Caveat not dealt with any of these people though .


----------



## duracell071 (Jan 12, 2014)

what do you mean by demand?

thanks for the info by the way


----------



## Charliej (Feb 25, 2012)

LF are a great company to deal with BUT you need a trade account with them, it's where all the IMS screens and baskets etc are coming from.


----------



## Mrboots2u (May 10, 2013)

duracell071 said:


> what do you mean by demand?
> 
> thanks for the info by the way


Does it have a doser on the front , or it it on demand ( electronic timed thro a shute straight into the portafilter )


----------



## Mrboots2u (May 10, 2013)

Charliej said:


> LF are a great company to deal with BUT you need a trade account with them, it's where all the IMS screens and baskets etc are coming from.

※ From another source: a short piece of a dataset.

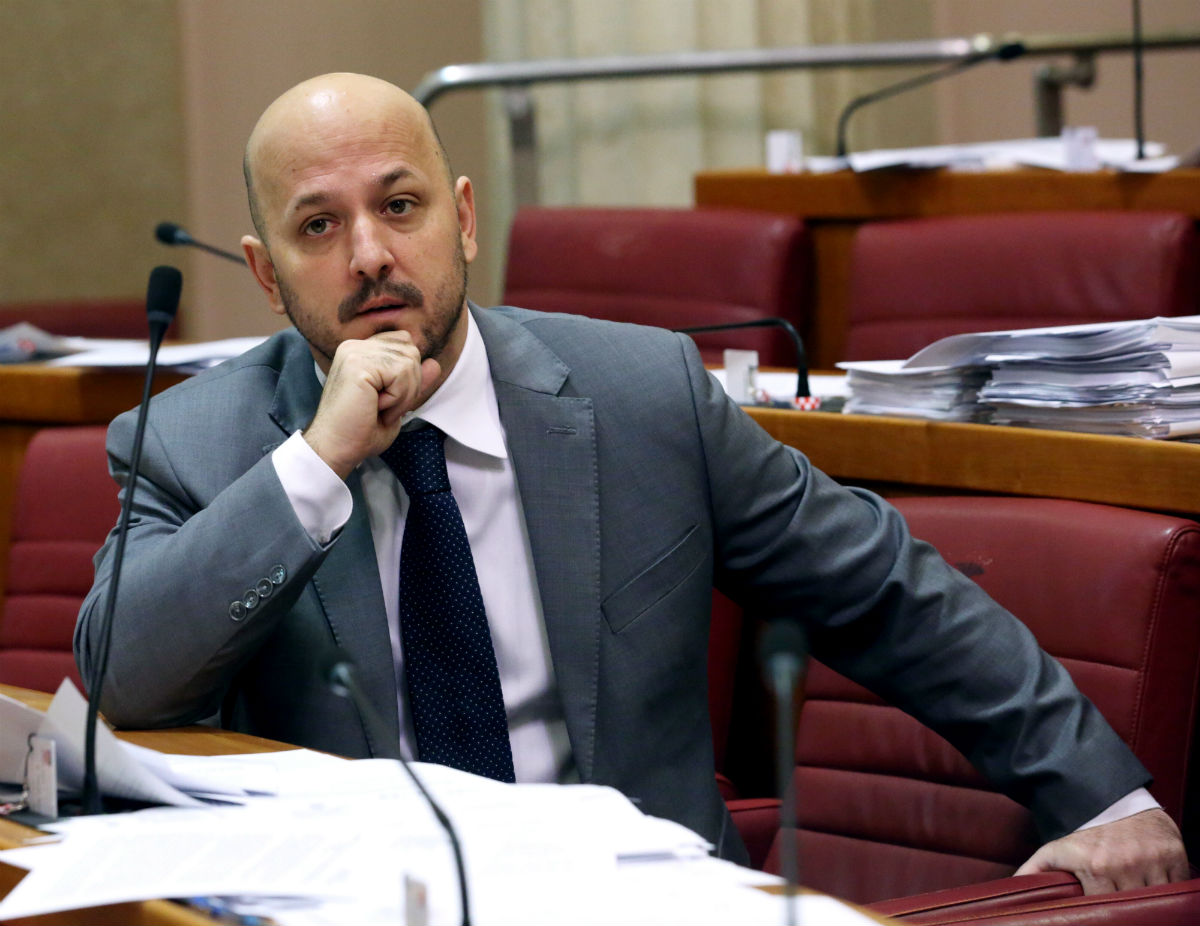 Maras brani Pernara: HDZ je puno opasniji za školstvo od njega, a mediji šute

Is that you offering serves Charlie >


----------



## duracell071 (Jan 12, 2014)

ah, it has a doser http://www.ebay.co.uk/itm/casadio-coffee-grinder-burr-/221364876554?nma=true&si=8kX7iY5Za6ZfmVVEpkmTD3dV%252B3g%253D&orig_cvip=true&rt=nc&_trksid=p2047675.l2557


----------



## Charliej (Feb 25, 2012)

Mrboots2u said:


> Is that you offering serves Charlie >


Well if the OP is quick about working out whether he needs anything ordering yes it can go on the big order, but other wise it's £9.90 carriage and a minimum order value of £60 not including carriage, I'll be putting the other order in as soon as head office in Italy sort my new log in details out for their webshop.


----------



## duracell071 (Jan 12, 2014)

the on demand ones look very very similar the the la cimbali grinder we have at the bar where i work, i don't make coffee there (i'm a chef) but it grinds much faster the mc2 for sure.


----------